The Bécourt Military Cemetery is a cemetery located in the Somme region of France commemorating British and Commonwealth soldiers who fought in the Battle of the Somme in World War I. The cemetery contains those who died in a variety of dates from August 1915 to April 1917 manning the front line near the village of Becordel-Becourt and is managed by the Commonwealth War Graves Commission.

Location 
The cemetery is located on the southern side of the Rue de Becourt, the road linking the village of Becourt to the town of Albert, France. It is on the western edge of Becourt Wood. The village of Becourt is located approximately 2 kilometers east of Albert.

Establishment of the Cemetery

History 
The cemetery was begun in August 1915 by the 51st Highland Division and was used by other divisions near the front line until the beginning of the Battle of the Somme in July 1916. During and after the battle, until April 1917, the cemetery was used by nearby field ambulances.

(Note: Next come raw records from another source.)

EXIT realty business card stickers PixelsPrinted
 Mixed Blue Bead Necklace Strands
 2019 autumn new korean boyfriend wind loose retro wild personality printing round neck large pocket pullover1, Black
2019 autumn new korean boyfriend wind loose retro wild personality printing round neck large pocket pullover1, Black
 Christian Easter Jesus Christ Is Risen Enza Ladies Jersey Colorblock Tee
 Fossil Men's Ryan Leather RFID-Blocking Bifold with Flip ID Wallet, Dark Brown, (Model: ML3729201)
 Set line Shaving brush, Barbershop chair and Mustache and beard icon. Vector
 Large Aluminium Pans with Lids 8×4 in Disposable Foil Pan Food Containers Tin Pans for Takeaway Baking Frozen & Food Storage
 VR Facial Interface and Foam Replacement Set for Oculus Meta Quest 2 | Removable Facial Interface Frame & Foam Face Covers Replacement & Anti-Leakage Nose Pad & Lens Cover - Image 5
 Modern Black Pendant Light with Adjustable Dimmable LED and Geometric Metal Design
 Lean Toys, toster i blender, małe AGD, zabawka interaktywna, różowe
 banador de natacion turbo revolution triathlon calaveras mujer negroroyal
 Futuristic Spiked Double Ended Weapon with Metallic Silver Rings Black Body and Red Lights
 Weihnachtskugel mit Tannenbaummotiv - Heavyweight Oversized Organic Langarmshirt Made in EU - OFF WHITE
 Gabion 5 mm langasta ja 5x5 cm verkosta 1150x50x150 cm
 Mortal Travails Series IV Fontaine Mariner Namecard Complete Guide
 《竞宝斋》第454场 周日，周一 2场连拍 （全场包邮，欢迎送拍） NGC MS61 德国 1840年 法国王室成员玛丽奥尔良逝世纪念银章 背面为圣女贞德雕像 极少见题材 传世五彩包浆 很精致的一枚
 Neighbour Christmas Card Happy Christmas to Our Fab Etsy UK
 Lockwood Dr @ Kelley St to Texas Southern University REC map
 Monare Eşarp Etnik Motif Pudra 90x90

In August 1918, Plot II was started by the 18th Division. Three German graves have been removed from the cemetery since its inception.

Layout 
The cemetery covers an area of 4327 square meters and is enclosed by a rubble wall.

Statistics 
There are a total of 713 World War I casualties buried in the cemetery, of which 5 are unidentified. A special memorial is dedicated to a British soldier believed to be buried among the unknown.

Eighteen Yorkshire Regiment soldiers are buried in the cemetery, including 12 officers.